Throsby

 It’s a long way to the top… and I’m not even close.

Born 1947 in the little village of Springwood in NSW’s Blue Mountains.

Parents and grandparents battlers all. They begot a young child who scampered his way through a string of egalitarian fifties public schools of tree-studded playgrounds and beige wooden classrooms.

The sixties found him in high school amid the smoke-laden airs of Newcastle. It was an odd era. We knew not ourselves baby-boomers, yet felt ill at ease with our parents’ discipline and social suffocation, and dimly sensed the times were a changin’.

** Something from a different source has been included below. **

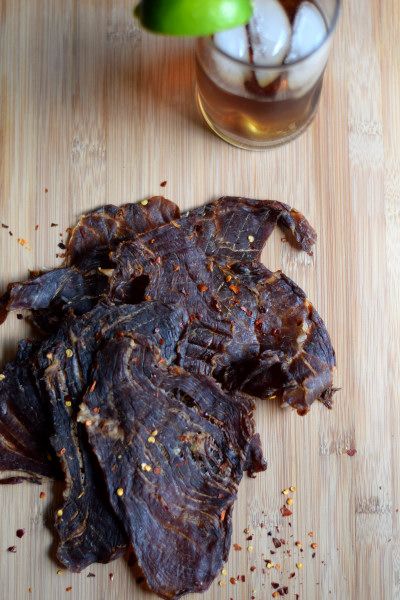 Chili Garlic Jerky. A little spice makes this chili garlic jerky POP! | Jerkyholic.com Elk Jerky Recipe, Dehydrator Dog Treats, Dehydrated Dog Treats, Deer Jerky, Venison Jerky, Homemade Beef Jerky, Jerky Recipe, Dried Beef, Deer Recipes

Stints in the Newcastle Morning Herald, Radio 2KO, local ABC Radio, then local Television, followed a career consecrated as a long-haired, ink-slinging pencil-necked git, strutting with pipe and waste coat down the upper precincts of that tidy little tight-minded city.

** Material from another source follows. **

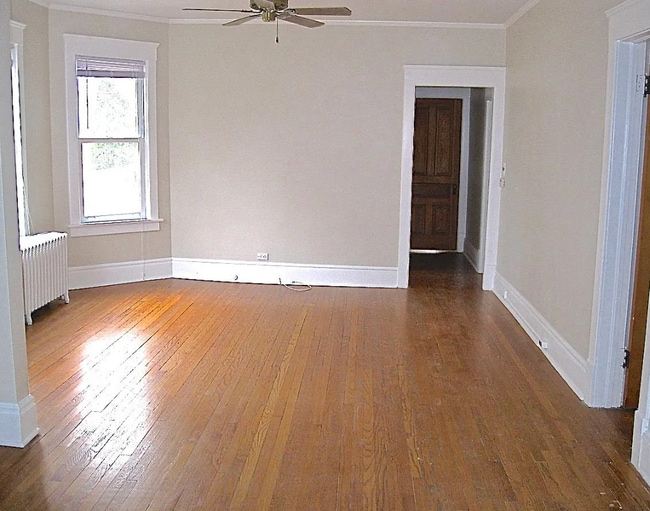 Building Photo - 2114 Maple Ave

Following the great and wondrous career was, fortunately for independent thought, not his way, so off to the old country, London approximately, Earls Court precisely, because what was good enough for Bazza MacKenzie, and Mssrs Humphries, James, Robertson, et al, was probably medially OK for him.

From a string of shabby Pommie dailies across that dingy sodden town of London, he saw first hand the fall of the Times and the dark cheapening influence of Murdoch’s early thrust. A quick boat to the New World to potter around the Village, its Voice, Rolling Stone, with some copy cutting at the epoch-making Ramparts Magazine was more than one expects.

To my dying days I regret passing up an offer of casual subbing at Boston’s Atlantic Monthly, deigning the posting too demeaning. I guess the sheer size of the Trimenjus Apple let me see only trees at dirt level, unable to discern steadfast giants of the trade from the mere bark ‘n branches where I nested.

Time repeated, at Harpers it would have been spent.

Recently

And what has one Throsby done with his decades? Suffice it to say it was not at Her Majesty’s pleasure, nor Uncle Sam’s for that matter – nor as a client of ANY related institution in any country.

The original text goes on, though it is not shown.